USNY: Shakespeare Update "The Hollow Crown"

In this blog, I'm going to plug a PBS show and a new book about AIDS research. I hadn't actually planned it that way. Just wanted to warn you in advance.

The University of Steve in New York is what I call my current self-generated (bonus round) plan to learn everything in the world there is to know and write one of everything that can be written. Part of that education are the Shakespeare Studies, an inadvertent course (correction)

It happened after I was invited to participate in Andy Gale's advanced scene study acting class after having worked with him and the students at Manhattan School of Music. BTW, Andy doesn't have a website and he doesn't go on Facebook. Currently, however, he's performing in a production of "Fiddler" out in Portland, since, aside from being one of the best acting coaches in the City, he's also a working actor and singer. He mostly works privately with a great number of stars whose names you would know. The class I entered is filled with amazing actors. Young and old. Mostly unknown, but really talented.

Since I had never been to an acting class in my life, I felt a bit unprepared. I thought, it's absurd to be taking an acting class and not know anything about Shakespeare. That's like a music scholar never having heard any Beethoven.

So, acting as my own curriculum counselor, I assigned myself the task of reading all the way through Shakespeare and memorizing at least one speech from each play that grabbed me for whatever reason.

For more info, I recommend
this book by Perry Halkitis.
(I'm doing this, also, as a cognitive exercise because, as I spoke about previously, longterm AIDS survivors (The AIDS Generation) are facing not just an unknown future, but an unknown present. How do you know when or if your brain starts going wacko? And what do you do after you know it's started? It has driven more than a few people mad.)

And Jim is always looking at me as if I've lost my mind. But then, he always did.

I say all this because every action I take in life right now has to be weighed as to whether it's healthful for me or not. To not be actively engaged is not healthful.

I read Twelfth Night and enjoyed it because it was much sillier than I was expecting. You go into Shakespeare thinking it's this impenetrable wall of  intellect.

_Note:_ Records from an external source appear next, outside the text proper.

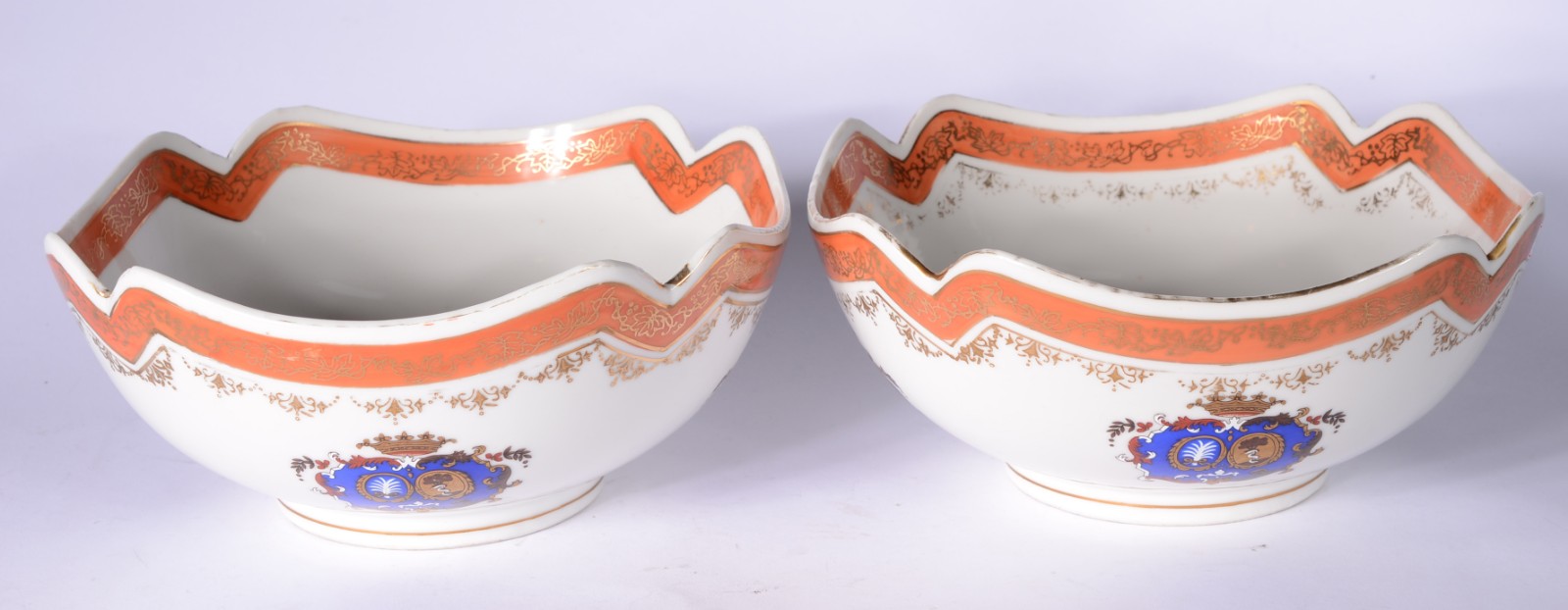 Par de bowls de porcelana com bordas recortadas, tarjas na cor coral... - foto 1 de 5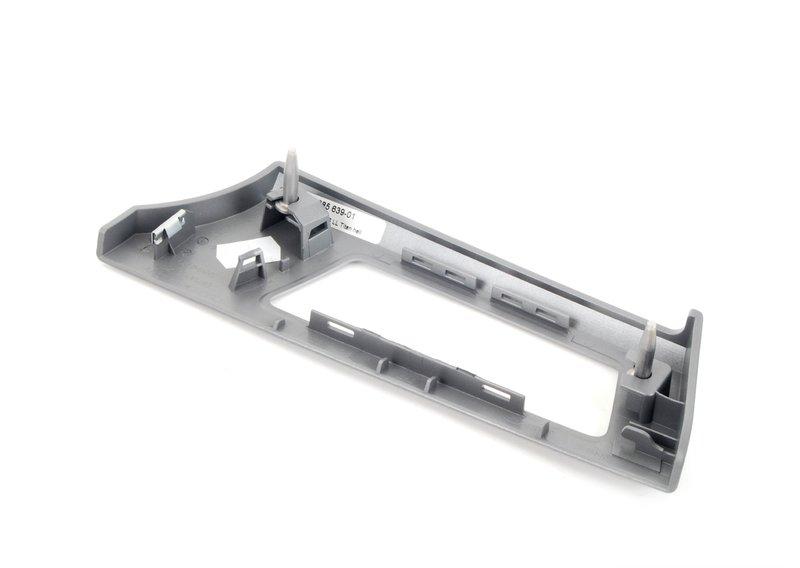 Декоративная планка панели приборов Л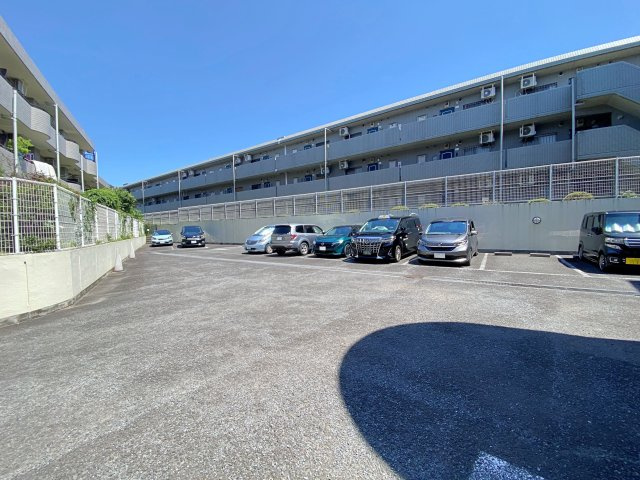 ベウラ大泉学園の駐車場|駐車場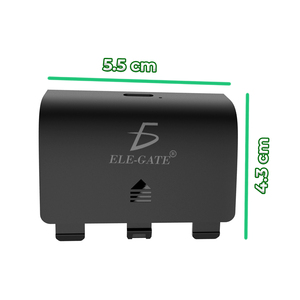 แบตเตอรี่แบบชาร์จได้ขนาด 2400 มิลลิแอมป์ชั่วโมง ช่องเสียบ Type-C สำหรับคอนโทรลเลอร์ Xbox Series X|S ชาร์จและเล่นได้ - Product Image 4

You know. Boring. Serious.

Then, I read Merchant of Venice and Hamlet, like taking a tour through all the greatest hits. There was a familiarity in them in that I have sat through movies and some productions of Shakespeare and stuff, but if you had asked me what either of those plays were about, or what happens in them, I wouldn't have been able to tell you.

They didn't stick. It felt more like the first part of an investigation where I was gathering facts.

If I was going to find my way in, I had to find my own door.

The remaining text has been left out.